Re: [Python-ideas] Include partitioning in itertools
... Not quite sure if I understand the implementation. Reading this http://mathworld.wolfram.com/BellNumber.html for the given example of 6, it should have 203 possible partitions. What am I missing? [Tim Peters] The ActiveState recipe has nothing to do with set partitions. Instead it returns all ways of breaking a sequence into a sequence of subsequences whose sum (catenation) is the original sequence. If
[Sven R. Kunze] there are N elements in the original sequence, there are 2**(N-1) ways to do that. That's why there are 32 results in the recipe's example output (2**(len("abcdef")-1) == 32). There would be 203 "set partitions" of a 6-element set.
@Tim: you are completely right. Sorry for the confusion referencing this implementation. Forget it.

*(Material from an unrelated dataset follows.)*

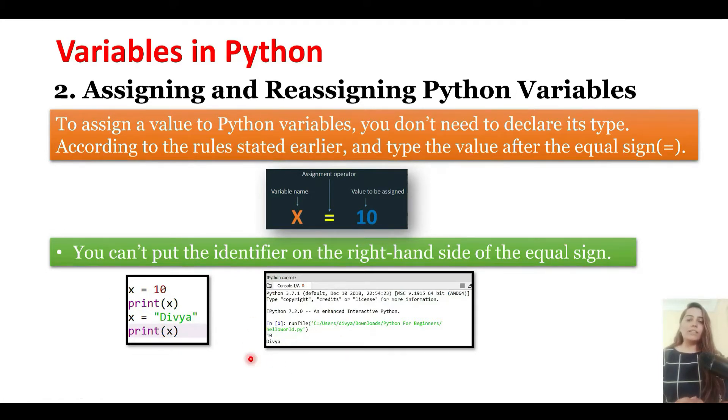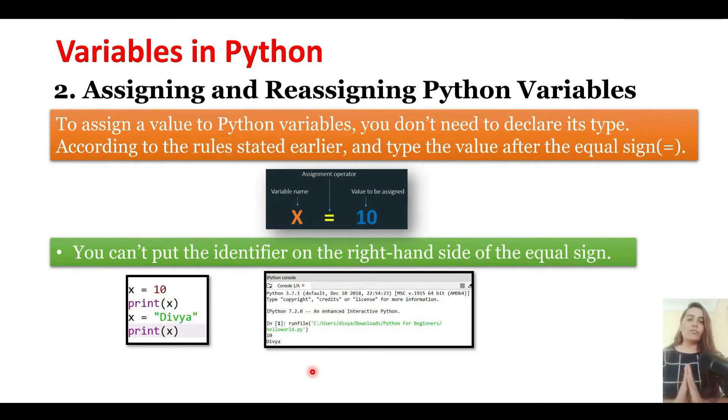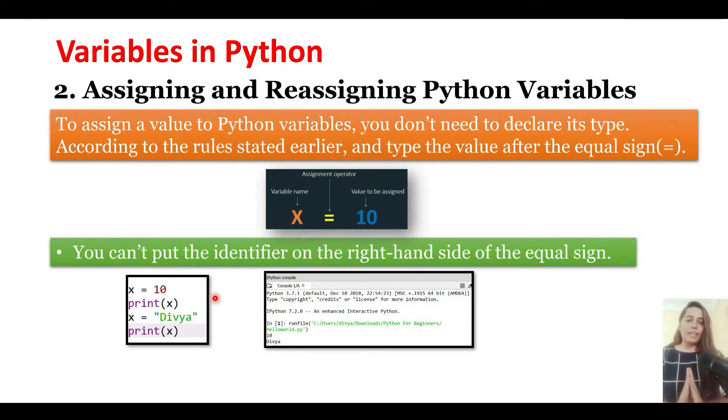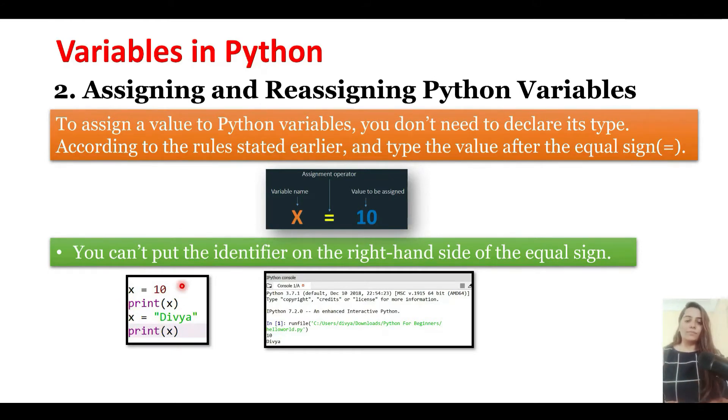In Python, variables do not have an explicit data type. You do not have to declare their data types, and you can reassign different values to it.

On Sun, Nov 1, 2015 at 6:37 PM, Brendan Barnwell <brenbarn@brenbarn.net> wrote:
On 2015-11-01 17:58, David Mertz wrote:
Oh, yeah... I see what you are asking for isn't quite the same thing as power set. But still, it's not something you can do in finite time with infinite iterators (nor in tractable time with *large* iterators). So `itertools` isn't where it belongs.
I don't think that reasoning is sound. Itertools already includes several combinatoric generators like permutations and combinations, which aren't computable for infinite iterators and which take intractable time for large finite iterators.
@Brendan: exactly!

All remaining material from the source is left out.